Unexpected Gifts

From time to time, there are moments that capture the incredible privilege it is to work at Upper Columbia Academy (UCA). A recent encounter with a graduate of a neighboring high school is the perfect example.

Cyrus requested a meeting to apologize for vandalism he had done to our campus in the late 90s. Soft spoken and clean cut, he's a Ph.D. candidate at a prestigious university. His story includes a journey into alcoholism — from his first drink at age 15 to the depths of disgust and despair over his addiction later. Currently on leave from his scholastic program, he's making amends and getting his life right with God.

Though he came from a Christian family and was valedictorian of his class, Cyrus discovered that the knowledge he had about God and all his "smarts" weren't enough to keep him from self-destruction. His wife was ready to leave him. There were days of which he had no memory, and he was in danger of losing his place in the doctoral program.

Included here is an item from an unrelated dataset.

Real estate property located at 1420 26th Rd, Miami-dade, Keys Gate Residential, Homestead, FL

Attending an Alcoholics Anonymous meeting, he heard God's voice speaking to him through another alcoholic, and finally understood that he needed help.

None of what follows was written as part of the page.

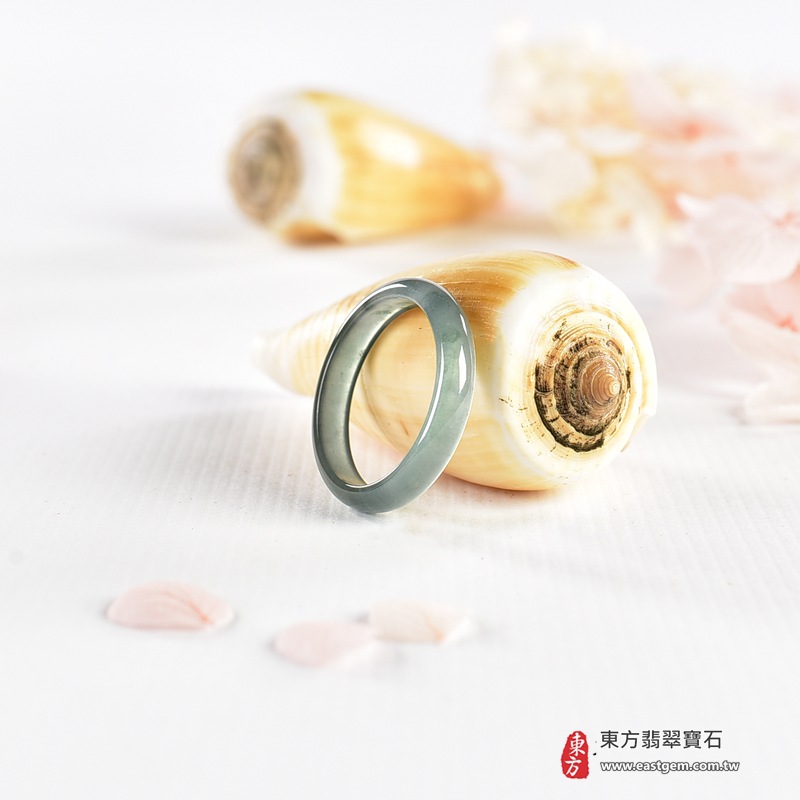 翡翠戒指|天然玉石玉戒・日常配戴與送禮款式|圓滿和合・平安順遂・吉祥如意・福氣常伴・情緣長久|翡翠玉戒・版指戒・板指戒・結婚戒指・男女對戒・情侶對戒|可客製化訂做各式翡翠戒指、吊墜、玉珮與項鍊|RNG1150|商品照片與資料介紹 5 翡翠戒指|天然玉石玉戒・日常配戴與送禮款式|圓滿和合・平安順遂・吉祥如意・福氣常伴・情緣長久|翡翠玉戒・版指戒・板指戒・結婚戒指・男女對戒・情侶對戒|可客製化訂做各式翡翠戒指、吊墜、玉珮與項鍊|RNG1150|商品照片與資料介紹 5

Cyrus climbed a mountain and asked God to reveal what he needed to do to stop the downward spiral. Various wrongs he'd committed through the years came to mind. He made a list, which included UCA. Estimating the cost of his vandalism, he offered an unexpected $500 gift to the school.

Troy Patzer, UCA principal, and Linnea Torkelsen, development director, immediately knew where the money would go. Cyrus's gift would help a student who very much wanted to be at UCA for an Adventist education — a young man who, just days before, had lost his father to complications of alcoholism. Hearing this, Cyrus started to cry.

Understanding what his gift could accomplish, he wrote the check for $1,000. Torkelsen then invited him to be the young man's prayer guardian, explaining UCA's Prayer PATCH program. With more tears, he said he would be honored to accept.

The meeting ended with prayer — for Cyrus and the journey he is on, for the students and the school, and with thanksgiving to God for His gift of forgiveness and unfathomable love for all who stand at the foot of the cross.

As Cyrus said goodbye, his face was unforgettable — it was glowing.